While people using these literacy practices are not unaware of mainstream media narratives, they distrust them in favor of their own research, tied to personal experience and a high level of skepticism toward secular institutions of knowledge. This opens up opportunities for conservative and extremist political actors and media to exploit the strong ties between the Republican party and white evangelical Christians.

After all, QAnon itself is something of a syncretic religion. While at its core it’s a 21st century reboot of a medieval anti-Semitic trope (blood libel) it has shed some of its Christian vestments to gain significant traction among non-evangelical audiences.

“Conspirituality,” a neologism coined in 2011 to describe the link between new age spirituality and conspiracy theory, is an accurate name for the strange pathways QAnon takes into unexpected places. For example, yoga instructors who are Instagram influencers have become a vector for QAnon spread.

Social media companies have gained enormous wealth and influence by recommending paths of connections, incentivizing information production as a route to celebrity and wealth, and offering an infinite bazaar of consumer choice.
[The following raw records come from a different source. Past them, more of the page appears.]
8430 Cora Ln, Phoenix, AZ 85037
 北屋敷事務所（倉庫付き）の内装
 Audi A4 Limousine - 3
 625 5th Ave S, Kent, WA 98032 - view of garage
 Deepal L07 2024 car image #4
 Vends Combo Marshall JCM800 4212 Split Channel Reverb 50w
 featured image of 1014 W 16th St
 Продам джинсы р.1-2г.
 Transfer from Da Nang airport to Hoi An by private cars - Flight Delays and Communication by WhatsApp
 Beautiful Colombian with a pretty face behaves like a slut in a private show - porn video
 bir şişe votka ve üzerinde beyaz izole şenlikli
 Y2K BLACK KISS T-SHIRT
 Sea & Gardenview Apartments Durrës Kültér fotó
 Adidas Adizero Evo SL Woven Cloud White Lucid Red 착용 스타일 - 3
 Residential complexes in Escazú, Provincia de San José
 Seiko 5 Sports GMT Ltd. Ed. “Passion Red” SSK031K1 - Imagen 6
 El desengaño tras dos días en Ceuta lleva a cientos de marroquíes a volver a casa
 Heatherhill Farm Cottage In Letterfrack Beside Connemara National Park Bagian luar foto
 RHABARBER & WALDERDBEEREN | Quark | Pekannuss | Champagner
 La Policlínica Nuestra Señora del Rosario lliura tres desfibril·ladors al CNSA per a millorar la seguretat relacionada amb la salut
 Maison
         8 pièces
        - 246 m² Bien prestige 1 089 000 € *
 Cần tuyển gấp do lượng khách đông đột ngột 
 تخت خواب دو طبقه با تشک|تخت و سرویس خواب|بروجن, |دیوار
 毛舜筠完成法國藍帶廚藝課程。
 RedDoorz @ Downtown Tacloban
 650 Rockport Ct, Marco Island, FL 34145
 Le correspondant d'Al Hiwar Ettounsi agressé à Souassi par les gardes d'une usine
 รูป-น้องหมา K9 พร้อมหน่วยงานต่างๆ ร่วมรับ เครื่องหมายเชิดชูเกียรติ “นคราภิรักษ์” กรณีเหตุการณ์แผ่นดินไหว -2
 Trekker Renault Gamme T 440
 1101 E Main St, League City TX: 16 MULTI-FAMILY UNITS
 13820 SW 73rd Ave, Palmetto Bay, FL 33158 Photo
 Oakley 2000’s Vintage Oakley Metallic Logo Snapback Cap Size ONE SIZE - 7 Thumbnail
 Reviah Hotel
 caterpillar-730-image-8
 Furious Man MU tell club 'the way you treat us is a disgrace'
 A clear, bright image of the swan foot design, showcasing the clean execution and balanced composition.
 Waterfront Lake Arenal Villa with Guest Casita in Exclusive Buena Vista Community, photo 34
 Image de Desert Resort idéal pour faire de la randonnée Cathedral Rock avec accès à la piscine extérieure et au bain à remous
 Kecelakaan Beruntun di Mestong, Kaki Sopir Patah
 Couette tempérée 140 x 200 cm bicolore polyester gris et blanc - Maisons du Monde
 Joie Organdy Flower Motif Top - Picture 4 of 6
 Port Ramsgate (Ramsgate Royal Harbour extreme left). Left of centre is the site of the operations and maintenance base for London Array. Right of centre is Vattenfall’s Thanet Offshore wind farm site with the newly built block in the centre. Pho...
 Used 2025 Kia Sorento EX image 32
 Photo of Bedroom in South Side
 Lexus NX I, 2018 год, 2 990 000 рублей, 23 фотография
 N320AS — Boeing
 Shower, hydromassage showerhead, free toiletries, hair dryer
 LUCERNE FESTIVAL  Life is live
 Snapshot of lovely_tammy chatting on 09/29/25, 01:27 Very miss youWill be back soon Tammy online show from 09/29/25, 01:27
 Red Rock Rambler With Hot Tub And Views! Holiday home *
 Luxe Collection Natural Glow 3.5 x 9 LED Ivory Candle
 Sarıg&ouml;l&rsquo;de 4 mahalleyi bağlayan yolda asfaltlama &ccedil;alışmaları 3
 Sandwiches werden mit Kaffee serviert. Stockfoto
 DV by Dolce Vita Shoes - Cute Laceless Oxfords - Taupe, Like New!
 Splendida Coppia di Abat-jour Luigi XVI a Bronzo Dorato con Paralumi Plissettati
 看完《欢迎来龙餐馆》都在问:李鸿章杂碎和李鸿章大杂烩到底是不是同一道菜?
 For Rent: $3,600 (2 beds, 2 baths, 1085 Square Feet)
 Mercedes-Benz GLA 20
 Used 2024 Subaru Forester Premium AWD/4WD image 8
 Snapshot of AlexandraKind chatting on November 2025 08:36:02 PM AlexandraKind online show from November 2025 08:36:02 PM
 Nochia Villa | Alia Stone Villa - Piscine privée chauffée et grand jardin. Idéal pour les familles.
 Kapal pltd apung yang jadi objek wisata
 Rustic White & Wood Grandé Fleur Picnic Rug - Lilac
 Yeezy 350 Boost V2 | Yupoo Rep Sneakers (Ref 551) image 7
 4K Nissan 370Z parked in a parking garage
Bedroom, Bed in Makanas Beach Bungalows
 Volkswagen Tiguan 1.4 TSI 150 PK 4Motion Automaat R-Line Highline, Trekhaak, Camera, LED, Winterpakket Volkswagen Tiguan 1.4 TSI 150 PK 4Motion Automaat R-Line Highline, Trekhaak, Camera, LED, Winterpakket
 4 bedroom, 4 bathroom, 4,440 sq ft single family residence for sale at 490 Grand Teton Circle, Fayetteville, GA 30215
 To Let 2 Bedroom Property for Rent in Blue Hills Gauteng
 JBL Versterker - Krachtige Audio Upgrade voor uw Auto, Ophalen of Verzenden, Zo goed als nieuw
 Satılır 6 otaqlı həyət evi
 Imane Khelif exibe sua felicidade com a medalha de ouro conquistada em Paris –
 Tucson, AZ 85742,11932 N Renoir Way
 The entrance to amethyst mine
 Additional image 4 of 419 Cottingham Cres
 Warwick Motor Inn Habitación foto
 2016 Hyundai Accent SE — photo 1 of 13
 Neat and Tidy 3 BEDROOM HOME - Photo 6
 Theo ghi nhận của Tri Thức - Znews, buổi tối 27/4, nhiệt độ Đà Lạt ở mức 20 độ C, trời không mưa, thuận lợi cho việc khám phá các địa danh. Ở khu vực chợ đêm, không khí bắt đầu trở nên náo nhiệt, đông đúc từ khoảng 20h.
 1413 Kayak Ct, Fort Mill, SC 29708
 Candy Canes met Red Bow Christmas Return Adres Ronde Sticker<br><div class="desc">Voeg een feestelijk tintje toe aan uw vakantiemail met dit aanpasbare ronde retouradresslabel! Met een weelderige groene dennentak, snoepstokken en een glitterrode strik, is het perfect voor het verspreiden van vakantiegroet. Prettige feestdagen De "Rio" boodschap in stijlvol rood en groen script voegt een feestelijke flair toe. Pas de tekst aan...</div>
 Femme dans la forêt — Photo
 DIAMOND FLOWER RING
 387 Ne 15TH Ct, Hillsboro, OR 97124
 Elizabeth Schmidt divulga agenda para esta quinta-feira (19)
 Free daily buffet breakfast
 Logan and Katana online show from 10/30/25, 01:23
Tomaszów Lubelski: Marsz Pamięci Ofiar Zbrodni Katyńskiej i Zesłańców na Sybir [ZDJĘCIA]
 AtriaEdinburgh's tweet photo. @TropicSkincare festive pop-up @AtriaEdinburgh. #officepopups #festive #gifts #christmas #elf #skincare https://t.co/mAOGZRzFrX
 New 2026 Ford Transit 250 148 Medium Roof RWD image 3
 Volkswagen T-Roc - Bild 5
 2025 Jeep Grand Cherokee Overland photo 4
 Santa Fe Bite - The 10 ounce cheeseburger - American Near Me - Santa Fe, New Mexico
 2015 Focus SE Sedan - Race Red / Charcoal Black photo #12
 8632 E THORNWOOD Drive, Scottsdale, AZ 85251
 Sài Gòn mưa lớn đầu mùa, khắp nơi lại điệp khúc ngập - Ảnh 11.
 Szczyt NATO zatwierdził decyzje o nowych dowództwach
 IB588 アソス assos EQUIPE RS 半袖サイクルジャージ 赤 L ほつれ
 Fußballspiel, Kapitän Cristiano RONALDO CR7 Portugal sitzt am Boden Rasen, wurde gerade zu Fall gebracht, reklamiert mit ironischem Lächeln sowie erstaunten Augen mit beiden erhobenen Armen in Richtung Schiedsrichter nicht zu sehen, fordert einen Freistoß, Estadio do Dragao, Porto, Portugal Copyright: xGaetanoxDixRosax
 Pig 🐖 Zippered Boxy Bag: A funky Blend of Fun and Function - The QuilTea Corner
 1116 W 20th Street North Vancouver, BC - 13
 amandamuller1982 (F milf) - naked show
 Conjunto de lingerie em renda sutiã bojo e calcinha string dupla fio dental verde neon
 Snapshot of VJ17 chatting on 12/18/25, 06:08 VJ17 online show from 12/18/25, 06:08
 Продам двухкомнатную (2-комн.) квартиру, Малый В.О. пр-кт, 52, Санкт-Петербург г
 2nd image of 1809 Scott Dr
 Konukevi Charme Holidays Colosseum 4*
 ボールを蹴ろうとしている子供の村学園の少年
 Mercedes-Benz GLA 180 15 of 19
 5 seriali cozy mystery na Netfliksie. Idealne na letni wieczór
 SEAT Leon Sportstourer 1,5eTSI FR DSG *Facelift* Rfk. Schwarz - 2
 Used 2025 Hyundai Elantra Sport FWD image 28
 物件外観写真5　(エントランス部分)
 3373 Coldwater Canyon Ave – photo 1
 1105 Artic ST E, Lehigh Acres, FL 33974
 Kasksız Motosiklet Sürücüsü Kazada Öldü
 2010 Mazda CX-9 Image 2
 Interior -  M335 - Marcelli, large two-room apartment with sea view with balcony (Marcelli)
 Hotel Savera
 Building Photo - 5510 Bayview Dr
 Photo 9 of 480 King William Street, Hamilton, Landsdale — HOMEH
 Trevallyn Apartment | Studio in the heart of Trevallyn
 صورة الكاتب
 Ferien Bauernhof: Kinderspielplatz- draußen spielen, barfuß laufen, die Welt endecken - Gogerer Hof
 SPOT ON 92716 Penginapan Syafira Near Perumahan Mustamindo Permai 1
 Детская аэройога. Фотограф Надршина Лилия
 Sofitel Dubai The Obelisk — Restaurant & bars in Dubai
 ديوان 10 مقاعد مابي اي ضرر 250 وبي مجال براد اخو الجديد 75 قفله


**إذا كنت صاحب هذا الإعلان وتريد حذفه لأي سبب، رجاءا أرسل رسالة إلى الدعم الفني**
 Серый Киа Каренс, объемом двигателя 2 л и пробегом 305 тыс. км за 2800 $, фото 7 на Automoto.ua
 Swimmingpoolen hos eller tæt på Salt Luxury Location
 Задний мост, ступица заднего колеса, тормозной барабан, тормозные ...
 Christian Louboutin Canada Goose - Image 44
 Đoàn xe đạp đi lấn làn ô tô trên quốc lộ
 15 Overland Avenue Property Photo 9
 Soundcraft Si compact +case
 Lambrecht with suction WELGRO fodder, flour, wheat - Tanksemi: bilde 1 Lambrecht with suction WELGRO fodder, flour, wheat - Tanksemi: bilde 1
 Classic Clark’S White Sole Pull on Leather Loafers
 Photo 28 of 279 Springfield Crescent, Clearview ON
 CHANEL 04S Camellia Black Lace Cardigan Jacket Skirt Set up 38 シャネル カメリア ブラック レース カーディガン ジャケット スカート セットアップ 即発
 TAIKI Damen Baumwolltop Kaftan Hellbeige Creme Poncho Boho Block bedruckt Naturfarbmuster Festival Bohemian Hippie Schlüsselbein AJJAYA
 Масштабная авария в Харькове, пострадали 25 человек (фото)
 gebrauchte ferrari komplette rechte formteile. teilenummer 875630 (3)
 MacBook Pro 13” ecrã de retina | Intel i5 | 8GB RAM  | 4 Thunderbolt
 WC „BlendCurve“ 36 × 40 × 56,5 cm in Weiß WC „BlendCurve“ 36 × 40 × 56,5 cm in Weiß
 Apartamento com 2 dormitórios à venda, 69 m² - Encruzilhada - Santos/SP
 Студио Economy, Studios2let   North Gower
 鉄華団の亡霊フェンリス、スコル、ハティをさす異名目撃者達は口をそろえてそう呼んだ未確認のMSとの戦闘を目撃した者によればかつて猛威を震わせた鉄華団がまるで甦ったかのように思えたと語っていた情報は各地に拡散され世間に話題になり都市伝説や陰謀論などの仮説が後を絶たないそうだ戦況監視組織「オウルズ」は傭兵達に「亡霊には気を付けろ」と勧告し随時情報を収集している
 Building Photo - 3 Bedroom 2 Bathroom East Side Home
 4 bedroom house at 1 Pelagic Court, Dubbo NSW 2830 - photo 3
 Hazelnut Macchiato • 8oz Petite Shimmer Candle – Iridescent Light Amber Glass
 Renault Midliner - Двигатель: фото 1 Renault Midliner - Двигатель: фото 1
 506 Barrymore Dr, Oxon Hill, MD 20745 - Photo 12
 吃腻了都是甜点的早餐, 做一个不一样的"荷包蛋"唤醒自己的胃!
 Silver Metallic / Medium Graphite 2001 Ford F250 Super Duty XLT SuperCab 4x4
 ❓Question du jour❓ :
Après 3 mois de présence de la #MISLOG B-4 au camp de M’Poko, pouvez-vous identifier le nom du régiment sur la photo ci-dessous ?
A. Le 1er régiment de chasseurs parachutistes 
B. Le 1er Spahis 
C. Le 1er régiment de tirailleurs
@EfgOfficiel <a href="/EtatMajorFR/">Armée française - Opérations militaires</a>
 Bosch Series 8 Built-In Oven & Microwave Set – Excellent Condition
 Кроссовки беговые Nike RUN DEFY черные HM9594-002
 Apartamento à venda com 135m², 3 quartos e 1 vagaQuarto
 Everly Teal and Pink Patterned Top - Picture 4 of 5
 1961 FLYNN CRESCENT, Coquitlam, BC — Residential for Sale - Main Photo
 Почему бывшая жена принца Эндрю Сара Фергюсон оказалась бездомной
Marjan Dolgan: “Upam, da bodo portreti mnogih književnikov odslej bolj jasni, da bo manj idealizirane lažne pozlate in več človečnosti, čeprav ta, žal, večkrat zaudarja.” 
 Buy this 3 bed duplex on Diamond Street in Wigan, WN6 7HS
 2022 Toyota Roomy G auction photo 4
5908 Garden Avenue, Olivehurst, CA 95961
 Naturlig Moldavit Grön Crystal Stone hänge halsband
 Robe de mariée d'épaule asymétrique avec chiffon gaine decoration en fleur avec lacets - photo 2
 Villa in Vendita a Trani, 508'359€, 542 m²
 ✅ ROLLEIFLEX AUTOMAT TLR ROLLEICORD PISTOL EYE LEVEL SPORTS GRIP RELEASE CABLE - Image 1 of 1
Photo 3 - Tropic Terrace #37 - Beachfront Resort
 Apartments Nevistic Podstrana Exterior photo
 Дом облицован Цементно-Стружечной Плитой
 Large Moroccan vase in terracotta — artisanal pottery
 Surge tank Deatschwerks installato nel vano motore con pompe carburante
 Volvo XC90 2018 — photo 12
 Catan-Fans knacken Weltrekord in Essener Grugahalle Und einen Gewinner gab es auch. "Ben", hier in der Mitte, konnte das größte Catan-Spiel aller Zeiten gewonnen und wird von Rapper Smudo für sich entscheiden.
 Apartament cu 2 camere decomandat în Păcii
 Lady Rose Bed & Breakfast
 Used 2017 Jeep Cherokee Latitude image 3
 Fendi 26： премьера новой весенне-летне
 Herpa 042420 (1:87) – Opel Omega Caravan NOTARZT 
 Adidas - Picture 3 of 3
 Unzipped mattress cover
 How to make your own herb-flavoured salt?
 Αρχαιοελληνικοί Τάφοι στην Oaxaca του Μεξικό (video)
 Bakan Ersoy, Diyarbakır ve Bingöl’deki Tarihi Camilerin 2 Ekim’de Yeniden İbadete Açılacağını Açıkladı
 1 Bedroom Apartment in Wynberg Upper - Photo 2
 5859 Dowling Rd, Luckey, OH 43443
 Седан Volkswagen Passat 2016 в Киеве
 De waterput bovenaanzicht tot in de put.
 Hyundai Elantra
This has made research easy — and opened the gate to a digital multiverse where the basic laws of knowledge vary widely but are in some ways eerily similar, especially in terms of the value of inquiry and evidence.

It should give advocates of information literacy pause that, similar to the way the phrase “fake news” was appropriated to disparage mainstream journalism, the slogan “research it yourself” has become the empowering antidote to elitist expertise. Do you really believe vaccines are dangerous? Research it yourself. How can you believe the earth is flat or that alien lizards have infiltrated the halls of power? Hang on, I can show you loads of evidence.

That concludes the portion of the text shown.